一面に広がる黄色のひまわり畑、もくもくと立ち上る入道雲、それに、どこまでも続く真っ青な空。

真冬に始まったロシアによる軍事侵攻は、すでに6か月近くも続いています。

戦闘と抵抗が続く中、季節はめぐり、ウクライナの厳しい夏が過ぎています。

(ウクライナ現地取材班 別府正一郎)

ウクライナの夏の大地

7月下旬、首都キーウから車で東へ5時間ほどの中部の州、ポルタワに向かいました。

目に飛び込んできたのは、広大な大地に広がる、ウクライナの夏の風景です。

真っ青な空とひまわり畑の鮮やかな黄色は、まるでウクライナの国旗のようです。

もくもくと立ち上る大きな白い入道雲は、きょうも夕立が来ることを伝えていました。

一方で、こうした風景とは対照的に、町ではミサイルの危険を伝える防空サイレンが頻繁に鳴り、携帯電話の専用アプリからも、危険を知らせるアラームがけたたましく鳴ります。

ポルタワに近づくと、検問所での兵士の数が増え、頻繁に記者証やパスポートの提示を求められました。

道の両脇にある土のうは、キーウ市内よりも高く積まれていて、激しい攻撃が続く東部の戦闘地域に近づいていることを肌で感じました。

「1か月で戻れると思っていたのに」

到着した州都ポルタワには、東部ドンバス地域などから、約6万人が逃れてきて、市内の学校などが避難所となっていました。

このうち、幼稚園には100人余りが身を寄せていました。その中の1人、ライーサ・オロブチェンコさん(73)は、4月に東部ドネツク州のスロビャンシクから、夫と孫と共に逃れてきました。

ライーサ・オロブチェンコさん(右)と孫(中)と夫(左)

スロビャンシクは、ドネツク州の完全掌握を目指すロシア軍による攻撃が激しくなっています。

オロブチェンコさんが最も心配するのが、今もそこに残る娘のオルガさんのことです。オルガさんは、いつか家族が戻れるようにと家を守っているのだといいます。
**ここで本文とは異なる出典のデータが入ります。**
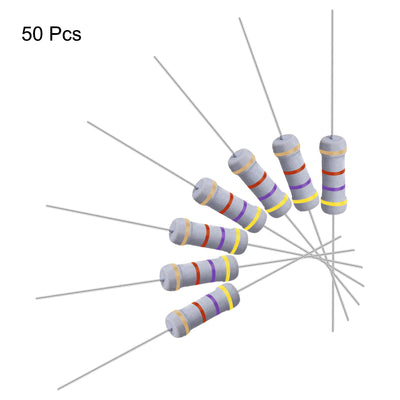 Harfington Uxcell 50 Pcs 1W 1 Watt Metal Oxide Film Resistor Axile Lead 4.7K Ohm ±5% Tolerance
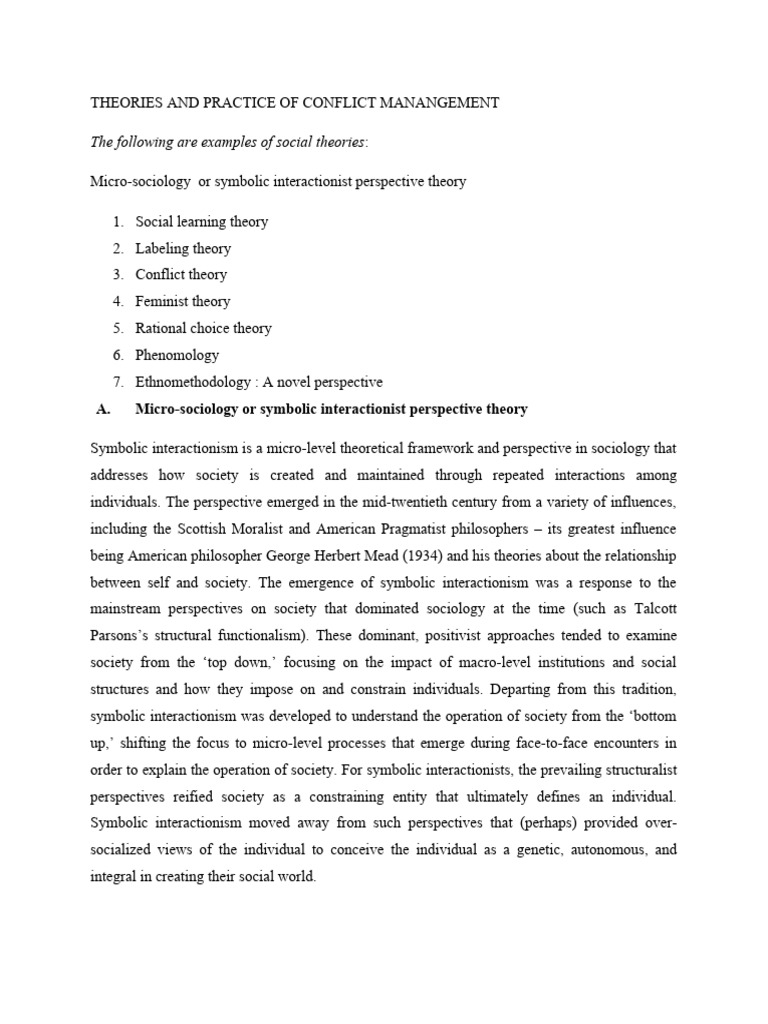 Conflict Management Theories Explained PDF Phenomenology
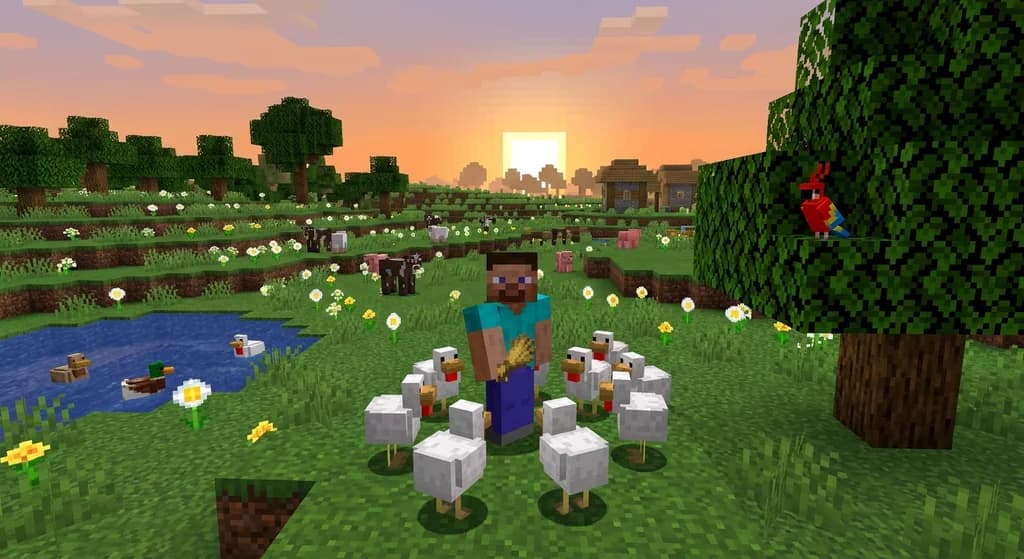 A diverse group of Minecraft animal mobs including cows, sheep, pigs, chickens, and a parrot gathered around a player in a sunny meadow.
「今朝も、3回ほど砲撃音が聞こえたし、きのうの夕方には、近くの町で何度も砲撃があった」

オルガさんは、電話の向こうから厳しい現状を母親に伝えていました。

オロブチェンコさんが故郷に戻ることができないのは、攻撃による命の危険があるからだけではありません。ロシア軍の攻撃によってインフラが破壊され、そもそも生活ができるような状況にないからだといいます。

娘のオルガさんと電話をするオロブチェンコさん

「ガス、電気、それに水道も止まっています。そうした中で、どこに戻れというのでしょうか?最初は1か月も避難すれば、戻れると思っていました。でも、すでに避難して4か月です」

標的になる市民の生活

ロシア軍の攻撃は東部だけではなく、戦線から離れ、市民が避難するポルタワ州にも及んでいます。

6月、ポルタワから車で2時間ほどの町にあるショッピングセンターにミサイルが撃ち込まれました。ミサイルは、建物の壁を突き破って床に着弾して爆発し、爆風で屋根などが吹き飛ばされました。

爆撃されたショッピングセンター

現場を訪れると、建物の骨組みだけが残り、残った鉄骨もぐにゃりと曲がっていて、爆発の威力を物語っていました。

ミサイルが撃ち込まれたのは、午後5時前。

夕食の食材を買い求める大勢の客で混雑していたということで、地元当局によると、22人が死亡、100人以上がけがをしました。

爆撃を受け火災が発生するショッピングセンター (2022年6月27日に爆撃)

また、州内の別の場所への攻撃では、火力発電所が破壊され、約18万人に影響が出ています。

ポルタワのバレリ・ポルホメンコ副市長は、ロシア側の狙いについて市民の生活基盤を破壊するのが目的だと指摘しました。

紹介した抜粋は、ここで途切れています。